→ INPUT FOR THIS TASK:
:::::
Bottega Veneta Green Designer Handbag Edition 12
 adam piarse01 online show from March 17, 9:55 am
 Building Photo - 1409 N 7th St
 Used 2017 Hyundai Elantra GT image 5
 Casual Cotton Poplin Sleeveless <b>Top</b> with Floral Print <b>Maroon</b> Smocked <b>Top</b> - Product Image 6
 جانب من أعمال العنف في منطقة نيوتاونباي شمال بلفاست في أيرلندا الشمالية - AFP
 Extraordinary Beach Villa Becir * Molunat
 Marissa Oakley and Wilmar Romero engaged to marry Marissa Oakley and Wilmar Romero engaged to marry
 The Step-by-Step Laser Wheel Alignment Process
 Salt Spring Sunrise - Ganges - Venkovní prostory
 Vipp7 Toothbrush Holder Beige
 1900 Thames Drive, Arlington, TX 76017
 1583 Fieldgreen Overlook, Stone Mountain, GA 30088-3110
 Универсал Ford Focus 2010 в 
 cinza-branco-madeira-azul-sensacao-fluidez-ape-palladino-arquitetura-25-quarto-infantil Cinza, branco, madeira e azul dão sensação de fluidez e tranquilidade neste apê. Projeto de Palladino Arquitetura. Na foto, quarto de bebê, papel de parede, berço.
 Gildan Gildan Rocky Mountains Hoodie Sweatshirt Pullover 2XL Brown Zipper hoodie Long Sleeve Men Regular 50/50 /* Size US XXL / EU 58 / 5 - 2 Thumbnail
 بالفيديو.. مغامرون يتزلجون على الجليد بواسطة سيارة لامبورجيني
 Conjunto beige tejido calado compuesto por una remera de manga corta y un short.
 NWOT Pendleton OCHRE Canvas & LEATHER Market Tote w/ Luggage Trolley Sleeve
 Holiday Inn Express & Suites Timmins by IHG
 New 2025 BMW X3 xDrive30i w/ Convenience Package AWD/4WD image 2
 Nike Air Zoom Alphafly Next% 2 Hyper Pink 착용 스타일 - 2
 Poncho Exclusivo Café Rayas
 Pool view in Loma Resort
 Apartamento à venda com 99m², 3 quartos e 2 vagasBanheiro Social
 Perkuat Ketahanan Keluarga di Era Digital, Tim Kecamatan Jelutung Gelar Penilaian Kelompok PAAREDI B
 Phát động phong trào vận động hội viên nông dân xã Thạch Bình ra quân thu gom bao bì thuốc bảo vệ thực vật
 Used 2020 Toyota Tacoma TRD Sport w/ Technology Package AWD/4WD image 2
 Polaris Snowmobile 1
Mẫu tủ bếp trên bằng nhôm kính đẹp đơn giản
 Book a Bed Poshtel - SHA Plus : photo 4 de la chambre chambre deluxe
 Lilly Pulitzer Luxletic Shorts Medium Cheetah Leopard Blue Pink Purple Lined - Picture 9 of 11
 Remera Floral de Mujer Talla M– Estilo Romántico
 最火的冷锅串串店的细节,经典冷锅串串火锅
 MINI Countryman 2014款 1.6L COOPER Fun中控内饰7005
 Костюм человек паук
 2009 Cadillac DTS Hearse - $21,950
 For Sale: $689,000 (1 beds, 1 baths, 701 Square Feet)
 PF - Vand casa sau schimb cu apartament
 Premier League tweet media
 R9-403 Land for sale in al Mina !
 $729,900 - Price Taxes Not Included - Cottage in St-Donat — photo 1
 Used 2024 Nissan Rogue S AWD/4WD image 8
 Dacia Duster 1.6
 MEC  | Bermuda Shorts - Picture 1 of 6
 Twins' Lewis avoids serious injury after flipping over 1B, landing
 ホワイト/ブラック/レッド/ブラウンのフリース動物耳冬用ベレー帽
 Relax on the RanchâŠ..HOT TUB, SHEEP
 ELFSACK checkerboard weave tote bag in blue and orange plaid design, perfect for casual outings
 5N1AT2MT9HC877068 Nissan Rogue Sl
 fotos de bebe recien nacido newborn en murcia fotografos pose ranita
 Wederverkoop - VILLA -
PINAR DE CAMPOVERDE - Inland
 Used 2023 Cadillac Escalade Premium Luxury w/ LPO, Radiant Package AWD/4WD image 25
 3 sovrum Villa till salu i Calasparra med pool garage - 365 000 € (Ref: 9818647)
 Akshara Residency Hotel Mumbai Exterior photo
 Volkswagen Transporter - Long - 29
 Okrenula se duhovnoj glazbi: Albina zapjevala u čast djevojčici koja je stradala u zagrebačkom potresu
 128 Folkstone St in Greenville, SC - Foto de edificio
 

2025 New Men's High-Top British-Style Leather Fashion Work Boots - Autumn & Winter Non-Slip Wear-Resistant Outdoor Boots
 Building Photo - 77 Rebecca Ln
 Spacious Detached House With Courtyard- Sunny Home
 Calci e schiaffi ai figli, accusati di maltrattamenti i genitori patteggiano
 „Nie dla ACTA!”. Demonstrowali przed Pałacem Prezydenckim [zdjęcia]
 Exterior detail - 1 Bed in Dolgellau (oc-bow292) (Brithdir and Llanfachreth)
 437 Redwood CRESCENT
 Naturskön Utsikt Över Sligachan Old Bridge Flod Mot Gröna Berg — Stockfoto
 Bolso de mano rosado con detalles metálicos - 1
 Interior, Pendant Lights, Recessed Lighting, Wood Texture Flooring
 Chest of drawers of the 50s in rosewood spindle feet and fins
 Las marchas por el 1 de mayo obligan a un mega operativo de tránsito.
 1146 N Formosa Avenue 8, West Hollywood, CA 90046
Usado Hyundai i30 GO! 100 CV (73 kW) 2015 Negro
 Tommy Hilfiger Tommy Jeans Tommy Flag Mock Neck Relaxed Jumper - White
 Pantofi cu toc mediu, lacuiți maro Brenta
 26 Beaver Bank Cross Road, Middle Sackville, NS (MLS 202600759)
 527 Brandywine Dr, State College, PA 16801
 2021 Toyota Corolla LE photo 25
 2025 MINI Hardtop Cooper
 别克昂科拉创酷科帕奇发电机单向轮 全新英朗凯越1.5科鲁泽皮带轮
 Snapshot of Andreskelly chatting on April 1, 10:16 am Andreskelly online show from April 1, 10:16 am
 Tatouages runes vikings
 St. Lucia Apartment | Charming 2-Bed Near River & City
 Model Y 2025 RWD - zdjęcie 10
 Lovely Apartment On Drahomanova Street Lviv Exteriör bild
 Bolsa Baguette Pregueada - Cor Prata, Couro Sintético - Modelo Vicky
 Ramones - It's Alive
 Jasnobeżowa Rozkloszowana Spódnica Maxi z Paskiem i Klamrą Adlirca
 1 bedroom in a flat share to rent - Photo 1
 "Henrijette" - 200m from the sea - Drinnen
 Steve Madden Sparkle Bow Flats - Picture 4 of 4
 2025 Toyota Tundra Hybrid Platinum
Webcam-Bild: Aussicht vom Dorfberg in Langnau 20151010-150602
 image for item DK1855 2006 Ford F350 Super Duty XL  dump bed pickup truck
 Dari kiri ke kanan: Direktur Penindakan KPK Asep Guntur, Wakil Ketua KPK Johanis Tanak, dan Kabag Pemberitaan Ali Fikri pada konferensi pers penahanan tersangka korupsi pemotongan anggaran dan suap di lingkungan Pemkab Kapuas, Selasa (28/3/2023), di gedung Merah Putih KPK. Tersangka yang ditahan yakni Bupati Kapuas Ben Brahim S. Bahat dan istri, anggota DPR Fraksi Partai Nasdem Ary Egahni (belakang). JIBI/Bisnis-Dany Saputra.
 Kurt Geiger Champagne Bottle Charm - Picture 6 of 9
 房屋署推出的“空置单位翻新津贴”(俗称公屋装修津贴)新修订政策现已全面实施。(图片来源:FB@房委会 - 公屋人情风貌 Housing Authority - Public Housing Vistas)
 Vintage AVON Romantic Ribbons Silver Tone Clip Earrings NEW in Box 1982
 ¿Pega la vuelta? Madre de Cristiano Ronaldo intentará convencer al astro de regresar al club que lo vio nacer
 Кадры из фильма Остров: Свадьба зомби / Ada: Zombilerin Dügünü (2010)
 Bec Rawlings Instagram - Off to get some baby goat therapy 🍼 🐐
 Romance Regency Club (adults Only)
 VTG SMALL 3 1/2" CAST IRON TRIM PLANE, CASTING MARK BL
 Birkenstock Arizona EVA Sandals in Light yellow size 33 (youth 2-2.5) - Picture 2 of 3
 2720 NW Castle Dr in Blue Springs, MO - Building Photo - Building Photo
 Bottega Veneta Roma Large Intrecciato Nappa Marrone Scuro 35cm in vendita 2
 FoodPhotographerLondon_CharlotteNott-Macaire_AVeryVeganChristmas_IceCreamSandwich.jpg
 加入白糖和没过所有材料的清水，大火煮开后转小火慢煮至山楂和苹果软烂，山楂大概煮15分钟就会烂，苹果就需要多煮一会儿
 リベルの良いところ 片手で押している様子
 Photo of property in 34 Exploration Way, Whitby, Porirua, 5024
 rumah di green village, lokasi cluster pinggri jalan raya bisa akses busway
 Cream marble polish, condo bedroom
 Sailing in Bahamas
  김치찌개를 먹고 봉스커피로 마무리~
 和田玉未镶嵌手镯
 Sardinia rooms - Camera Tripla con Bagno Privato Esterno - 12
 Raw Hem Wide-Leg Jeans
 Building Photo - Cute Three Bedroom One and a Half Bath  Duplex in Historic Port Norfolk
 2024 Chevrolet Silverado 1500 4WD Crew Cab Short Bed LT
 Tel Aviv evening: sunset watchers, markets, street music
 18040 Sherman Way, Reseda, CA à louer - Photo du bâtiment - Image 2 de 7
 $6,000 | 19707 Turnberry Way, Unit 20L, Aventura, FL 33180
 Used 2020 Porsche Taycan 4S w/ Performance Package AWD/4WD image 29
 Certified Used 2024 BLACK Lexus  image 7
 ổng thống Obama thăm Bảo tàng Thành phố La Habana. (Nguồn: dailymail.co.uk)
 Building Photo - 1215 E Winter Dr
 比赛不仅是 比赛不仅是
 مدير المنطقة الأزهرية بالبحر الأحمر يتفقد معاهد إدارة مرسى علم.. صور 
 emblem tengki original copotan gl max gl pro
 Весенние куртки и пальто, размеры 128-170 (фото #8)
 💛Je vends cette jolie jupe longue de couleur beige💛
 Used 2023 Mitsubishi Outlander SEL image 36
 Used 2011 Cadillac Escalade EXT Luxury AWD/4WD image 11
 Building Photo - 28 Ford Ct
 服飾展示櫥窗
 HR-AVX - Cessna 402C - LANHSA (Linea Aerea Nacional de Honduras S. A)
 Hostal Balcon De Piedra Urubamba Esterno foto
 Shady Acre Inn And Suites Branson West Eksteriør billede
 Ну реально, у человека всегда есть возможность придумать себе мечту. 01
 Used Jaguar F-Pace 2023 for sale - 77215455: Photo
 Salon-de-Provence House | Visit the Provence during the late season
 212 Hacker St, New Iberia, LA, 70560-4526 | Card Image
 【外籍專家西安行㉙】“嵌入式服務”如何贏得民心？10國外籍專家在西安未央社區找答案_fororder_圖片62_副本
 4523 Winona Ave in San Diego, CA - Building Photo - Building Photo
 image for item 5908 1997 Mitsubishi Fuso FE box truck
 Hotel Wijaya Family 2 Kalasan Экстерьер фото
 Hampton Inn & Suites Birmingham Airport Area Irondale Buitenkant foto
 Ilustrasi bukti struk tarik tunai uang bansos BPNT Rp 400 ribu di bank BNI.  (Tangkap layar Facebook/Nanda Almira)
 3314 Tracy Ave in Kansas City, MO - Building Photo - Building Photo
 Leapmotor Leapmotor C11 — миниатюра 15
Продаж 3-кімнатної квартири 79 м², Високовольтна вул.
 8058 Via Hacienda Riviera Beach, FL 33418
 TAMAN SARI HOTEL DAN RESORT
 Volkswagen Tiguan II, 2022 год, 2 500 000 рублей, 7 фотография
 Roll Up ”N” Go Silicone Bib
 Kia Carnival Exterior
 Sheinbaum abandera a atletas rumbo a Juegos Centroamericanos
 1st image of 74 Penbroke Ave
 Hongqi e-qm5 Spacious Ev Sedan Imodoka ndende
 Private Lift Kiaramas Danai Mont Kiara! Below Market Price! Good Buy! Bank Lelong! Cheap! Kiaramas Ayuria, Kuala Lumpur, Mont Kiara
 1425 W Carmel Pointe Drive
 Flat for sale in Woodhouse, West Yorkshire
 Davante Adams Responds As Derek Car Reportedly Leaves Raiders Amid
:::::
→ EXERCISE DETAILS:
Of the lines above, extract only those from the line with "Весенние куртки и" to the line with "Продаж 3-кімнатної квартири", both included, exactly as written.

→ EXERCISE RESULT:
 Весенние куртки и пальто, размеры 128-170 (фото #8)
 💛Je vends cette jolie jupe longue de couleur beige💛
 Used 2023 Mitsubishi Outlander SEL image 36
 Used 2011 Cadillac Escalade EXT Luxury AWD/4WD image 11
 Building Photo - 28 Ford Ct
 服飾展示櫥窗
 HR-AVX - Cessna 402C - LANHSA (Linea Aerea Nacional de Honduras S. A)
 Hostal Balcon De Piedra Urubamba Esterno foto
 Shady Acre Inn And Suites Branson West Eksteriør billede
 Ну реально, у человека всегда есть возможность придумать себе мечту. 01
 Used Jaguar F-Pace 2023 for sale - 77215455: Photo
 Salon-de-Provence House | Visit the Provence during the late season
 212 Hacker St, New Iberia, LA, 70560-4526 | Card Image
 【外籍專家西安行㉙】“嵌入式服務”如何贏得民心？10國外籍專家在西安未央社區找答案_fororder_圖片62_副本
 4523 Winona Ave in San Diego, CA - Building Photo - Building Photo
 image for item 5908 1997 Mitsubishi Fuso FE box truck
 Hotel Wijaya Family 2 Kalasan Экстерьер фото
 Hampton Inn & Suites Birmingham Airport Area Irondale Buitenkant foto
 Ilustrasi bukti struk tarik tunai uang bansos BPNT Rp 400 ribu di bank BNI.  (Tangkap layar Facebook/Nanda Almira)
 3314 Tracy Ave in Kansas City, MO - Building Photo - Building Photo
 Leapmotor Leapmotor C11 — миниатюра 15
Продаж 3-кімнатної квартири 79 м², Високовольтна вул.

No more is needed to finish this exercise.